#### [What the exercise asks]
Pictures stay out of the answer, but every line of the material must be restated exactly.

START Entries supplied

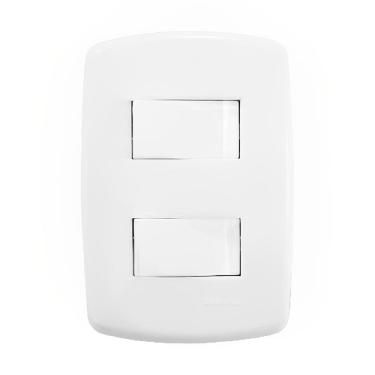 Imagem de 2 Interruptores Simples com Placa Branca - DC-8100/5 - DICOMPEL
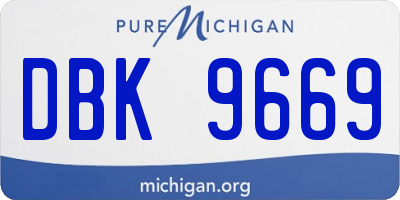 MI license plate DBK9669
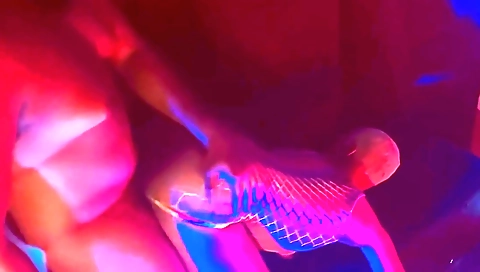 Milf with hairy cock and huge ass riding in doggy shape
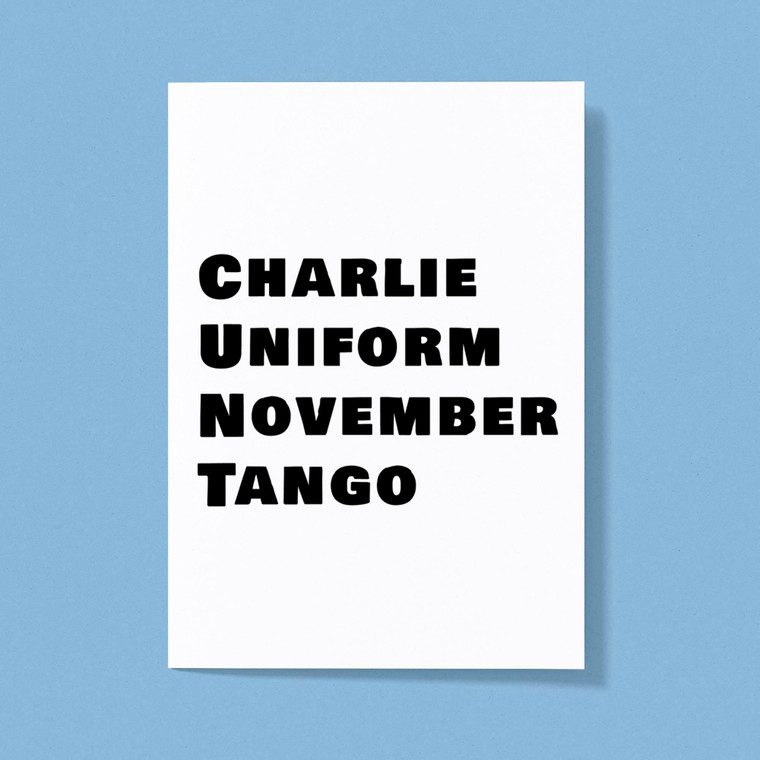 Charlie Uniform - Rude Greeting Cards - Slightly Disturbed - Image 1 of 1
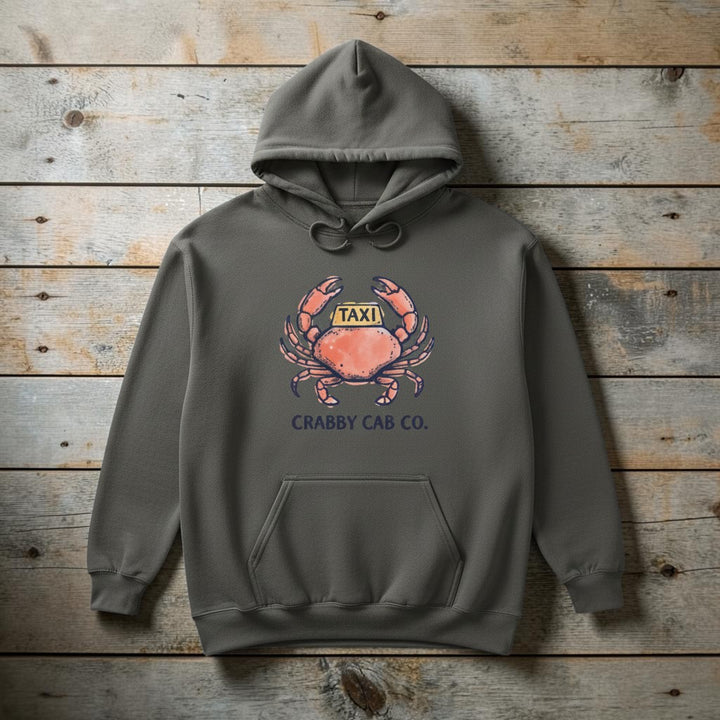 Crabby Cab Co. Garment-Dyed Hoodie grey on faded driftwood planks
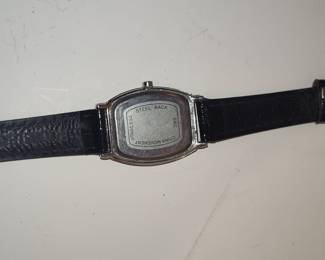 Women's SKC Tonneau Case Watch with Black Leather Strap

END Entries supplied

#### [Solution]
 Imagem de 2 Interruptores Simples com Placa Branca - DC-8100/5 - DICOMPEL
 MI license plate DBK9669
 Milf with hairy cock and huge ass riding in doggy shape
 Charlie Uniform - Rude Greeting Cards - Slightly Disturbed - Image 1 of 1
 Crabby Cab Co. Garment-Dyed Hoodie grey on faded driftwood planks
 Women's SKC Tonneau Case Watch with Black Leather Strap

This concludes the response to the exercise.